突然,似是想到什么,他勾唇笑了,笑得妖孽而不怀好意。
“贵妃似乎很是伤心呢?”他走近,居高临下地看着她,调侃。
“臣妾痛失孩儿,自然会伤心。”薛慕鸢微微笑了笑,微侧着头看他,“这也是您的孩儿,皇上难道就不伤心么?”
“朕还亲手杀死过自己的孩子呢。”顾浅歌轻哼,很是不以为意,眼睛里泛着恶毒的光,反问:“你觉得朕会伤心么?”
顾浅歌伸手轻抚她的发,笑得冰凉:“告诉你也无妨。的确有人诅咒过朕此生无妻无子,孤独终老。但后宫妃嫔小产并不是因为这个诅咒,而是朕自己不想要孩子罢了。”
他一瞬不瞬地盯着她,试图在她脸上寻出些惊愕与恐惧来,但薛慕鸢脸上的神色始终是淡淡的。他略微失望地挑了挑眉,真是无情啊!父亲刚刚离世,又痛失孩子,若是换做一般的女子早就悲痛万分了吧!可眼前这个,自始至终连眼眶都未红过,更别说掉一滴眼泪了。
他心底恶毒的念头蹭蹭蹭地冒出来,真想揭开她那层淡定的外表,看看她内里是否与外表一样淡然。
然而薛慕鸢却不愿给他这个机会,她挣扎着起身,跪在他身前,不卑不亢地行大礼。
“臣妾刚经小产,近来怕是无力侍奉皇上,未免皇上烦忧,臣妾想去鄞州别宫小住些日子,还望皇上恩准!”

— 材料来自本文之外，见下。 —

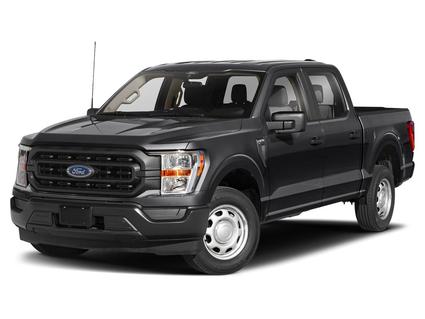 2023 Ford F-150 Lexington NE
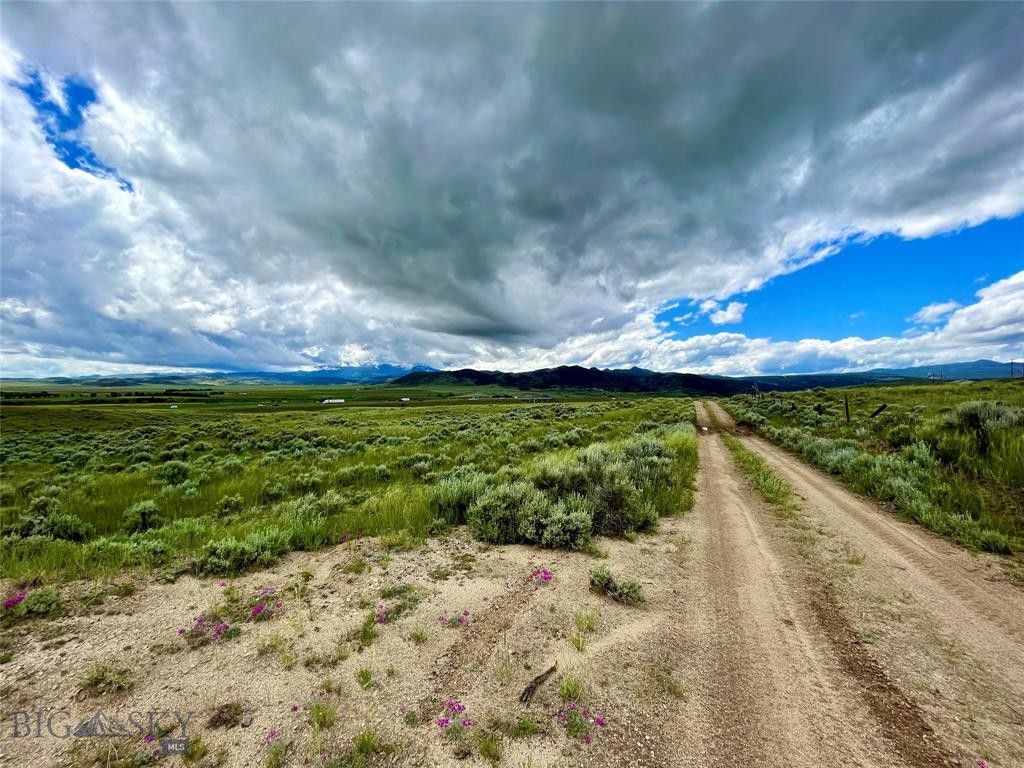 Whitehall, Jefferson County, MT Farms and Ranches for sale Property ID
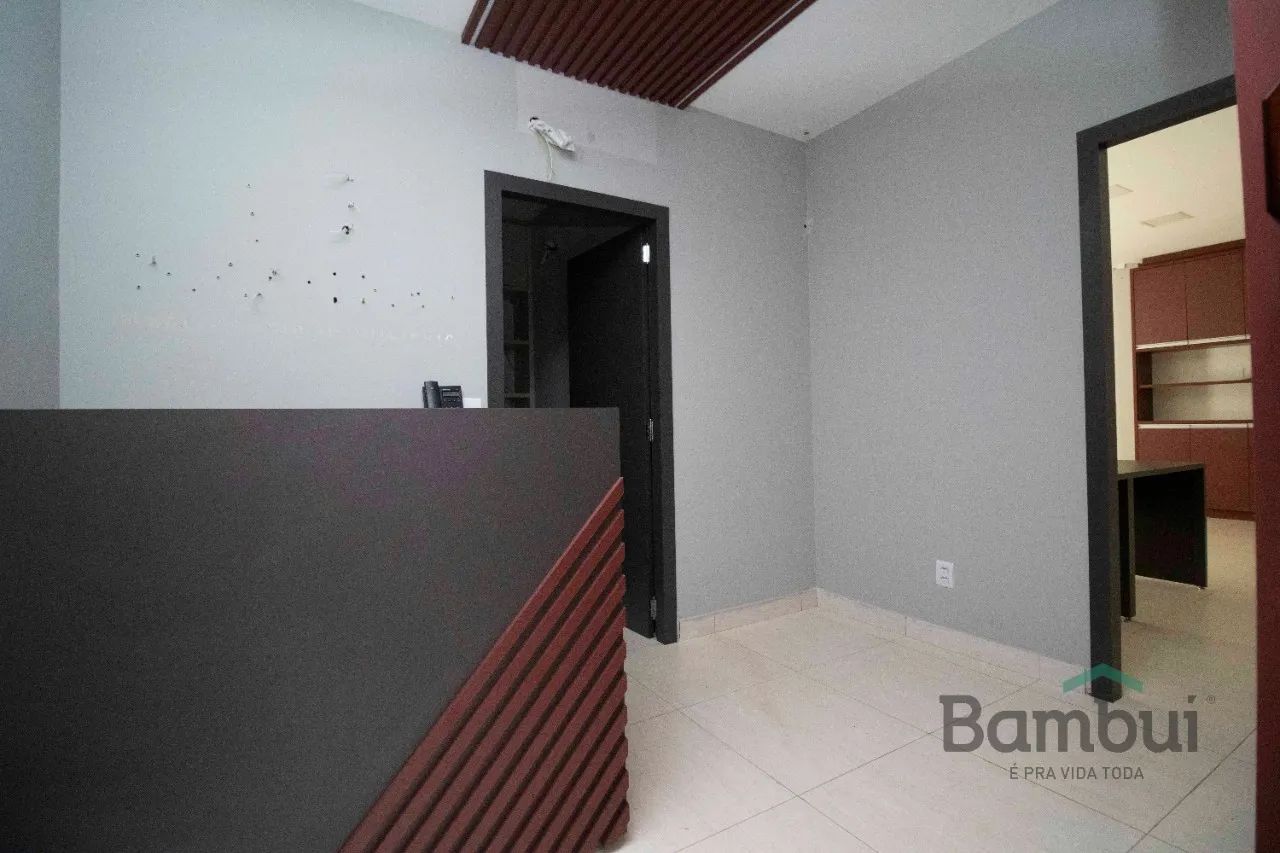 Sala para alugar, 73,11 m², Jardim América - Foto 4
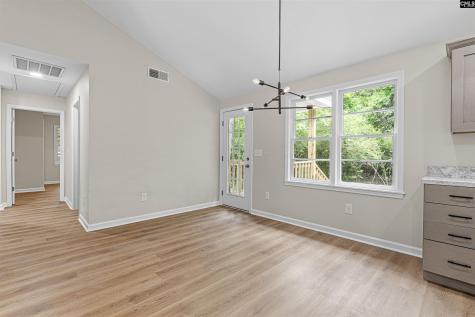 228 Dominick Street Prosperity SC 29127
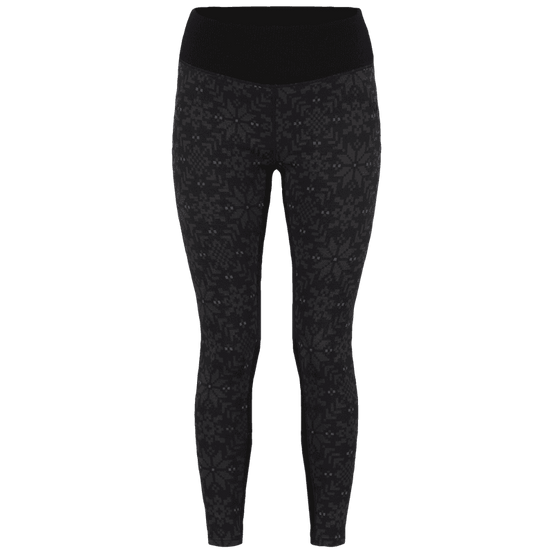 EDITH PANTS (W)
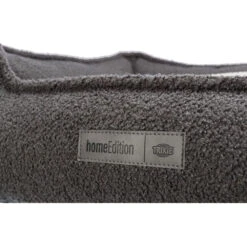 Trixie Be Eco Mand 25 Trixie Be Eco Mand -Hondenbenodigdheden trixie be eco mand 204560 1000 none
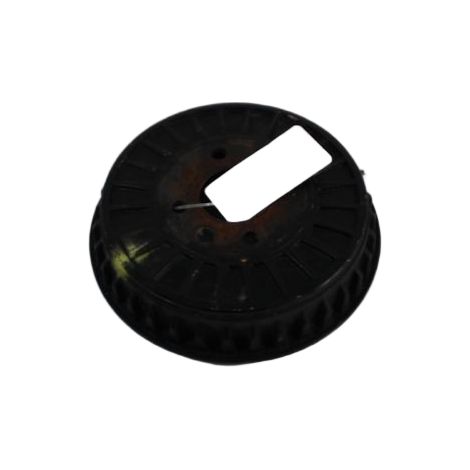 [PRODUIT D'OCCASION] Tambour Arriere Gauche RENAULT Twingo ♻️ Ref Oe. 432062488r - Garantie à vie (1/3)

鄞州?哼!顾浅歌在心底冷笑,这是想自我放逐,离他远远地么?朕偏不准,他的游戏还未开始呢,怎会这般轻易地放她走?
薛慕鸢见他不允,又叩首:“请皇上开恩!”
顾浅歌见她跪在地上,以额抵地,身子单薄似纸。拒绝的话到嘴边又咽了下去,心底有些莫名的烦躁,不发一言便甩袖离去。
三日后,薛慕鸢如愿以偿地踏上了去鄞州的路途。那日顾浅歌拂袖离去,原本以为他不会同意,没想到昨日却派人来说准了,当下她便吩咐清若和绿荷收拾好东西,今日一早便启辰了。
马车行至城外,绿荷才放下车帘,脸上的神色带着些失望。薛慕鸢自书中抬头看她,笑问:“怎么?没有看到你的家人?”
绿荷摇了摇头,她第一次离家去鄞州那么远的地方,明明有送书信回去,可家里人却一个都没来。自小她聪慧懂事,爹爹和娘亲对她向来放心,所以更加疼爱迷糊傻气的姐姐一些,可她也是他们的孩子,出远门时也希望家里人来送送她。
“其实,你大可不必随本宫去鄞州的。”薛慕鸢淡淡说道。
“娘娘。”绿荷收敛了脸上的悲伤神情,眼神坚定,“您对家姐有恩,便是对奴婢有恩,奴婢起誓今生侍奉娘娘左右,便绝不会食言!”
薛慕鸢好整以暇地问:“若是本宫这一生都长留鄞州,永不回帝都雲城,再也见不到你家人,你也不悔?”
绿荷郑重的点头:“不悔!”
到达鄞州别宫后,顾浅歌派来护送的人马只有一小部分回京复命,余下的人守着别宫的各处宫门。为首的将领还传达了顾浅歌的口谕,让她在别宫安心静养,若无必要请勿随意走动。
即使被变相地囚禁,薛慕鸢也不甚在意,随意选了处花木茂盛、池有清荷的院子住下。每日里或烹茶抚琴,或泼墨作画誊抄佛经,日子倒也过得清雅。